[What you will do] This exercise requires every record to be repeated exactly.

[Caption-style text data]
★ ★ ★

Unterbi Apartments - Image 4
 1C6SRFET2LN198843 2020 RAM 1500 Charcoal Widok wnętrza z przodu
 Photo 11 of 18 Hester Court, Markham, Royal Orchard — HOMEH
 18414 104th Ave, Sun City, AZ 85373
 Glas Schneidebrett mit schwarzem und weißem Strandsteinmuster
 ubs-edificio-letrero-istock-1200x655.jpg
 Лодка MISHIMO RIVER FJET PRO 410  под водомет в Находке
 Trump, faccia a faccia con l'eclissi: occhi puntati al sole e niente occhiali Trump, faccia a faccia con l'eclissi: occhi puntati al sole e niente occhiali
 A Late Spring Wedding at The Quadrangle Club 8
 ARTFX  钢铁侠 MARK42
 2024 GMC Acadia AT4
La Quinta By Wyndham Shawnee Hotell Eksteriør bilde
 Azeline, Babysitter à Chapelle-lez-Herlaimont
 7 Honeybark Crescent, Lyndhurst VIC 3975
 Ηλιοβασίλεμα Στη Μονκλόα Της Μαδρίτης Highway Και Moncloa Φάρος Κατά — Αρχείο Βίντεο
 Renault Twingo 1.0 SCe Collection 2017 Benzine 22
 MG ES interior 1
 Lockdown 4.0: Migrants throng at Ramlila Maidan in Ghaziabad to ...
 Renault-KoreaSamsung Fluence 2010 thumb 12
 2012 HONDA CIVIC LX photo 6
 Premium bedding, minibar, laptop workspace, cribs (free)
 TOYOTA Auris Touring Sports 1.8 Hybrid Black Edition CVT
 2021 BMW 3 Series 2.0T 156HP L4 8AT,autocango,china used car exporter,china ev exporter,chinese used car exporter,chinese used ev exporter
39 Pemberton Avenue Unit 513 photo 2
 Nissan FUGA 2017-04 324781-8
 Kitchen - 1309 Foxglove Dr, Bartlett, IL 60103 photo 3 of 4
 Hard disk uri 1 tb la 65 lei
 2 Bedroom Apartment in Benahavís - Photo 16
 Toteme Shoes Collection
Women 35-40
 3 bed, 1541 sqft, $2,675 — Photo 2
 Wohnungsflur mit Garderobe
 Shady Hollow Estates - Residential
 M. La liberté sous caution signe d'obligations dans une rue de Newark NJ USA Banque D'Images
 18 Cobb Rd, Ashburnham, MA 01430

★ ★ ★

[Response below]
Unterbi Apartments - Image 4
 1C6SRFET2LN198843 2020 RAM 1500 Charcoal Widok wnętrza z przodu
 Photo 11 of 18 Hester Court, Markham, Royal Orchard — HOMEH
 18414 104th Ave, Sun City, AZ 85373
 Glas Schneidebrett mit schwarzem und weißem Strandsteinmuster
 ubs-edificio-letrero-istock-1200x655.jpg
 Лодка MISHIMO RIVER FJET PRO 410  под водомет в Находке
 Trump, faccia a faccia con l'eclissi: occhi puntati al sole e niente occhiali Trump, faccia a faccia con l'eclissi: occhi puntati al sole e niente occhiali
 A Late Spring Wedding at The Quadrangle Club 8
 ARTFX  钢铁侠 MARK42
 2024 GMC Acadia AT4
La Quinta By Wyndham Shawnee Hotell Eksteriør bilde
 Azeline, Babysitter à Chapelle-lez-Herlaimont
 7 Honeybark Crescent, Lyndhurst VIC 3975
 Ηλιοβασίλεμα Στη Μονκλόα Της Μαδρίτης Highway Και Moncloa Φάρος Κατά — Αρχείο Βίντεο
 Renault Twingo 1.0 SCe Collection 2017 Benzine 22
 MG ES interior 1
 Lockdown 4.0: Migrants throng at Ramlila Maidan in Ghaziabad to ...
 Renault-KoreaSamsung Fluence 2010 thumb 12
 2012 HONDA CIVIC LX photo 6
 Premium bedding, minibar, laptop workspace, cribs (free)
 TOYOTA Auris Touring Sports 1.8 Hybrid Black Edition CVT
 2021 BMW 3 Series 2.0T 156HP L4 8AT,autocango,china used car exporter,china ev exporter,chinese used car exporter,chinese used ev exporter
39 Pemberton Avenue Unit 513 photo 2
 Nissan FUGA 2017-04 324781-8
 Kitchen - 1309 Foxglove Dr, Bartlett, IL 60103 photo 3 of 4
 Hard disk uri 1 tb la 65 lei
 2 Bedroom Apartment in Benahavís - Photo 16
 Toteme Shoes Collection
Women 35-40
 3 bed, 1541 sqft, $2,675 — Photo 2
 Wohnungsflur mit Garderobe
 Shady Hollow Estates - Residential
 M. La liberté sous caution signe d'obligations dans une rue de Newark NJ USA Banque D'Images
 18 Cobb Rd, Ashburnham, MA 01430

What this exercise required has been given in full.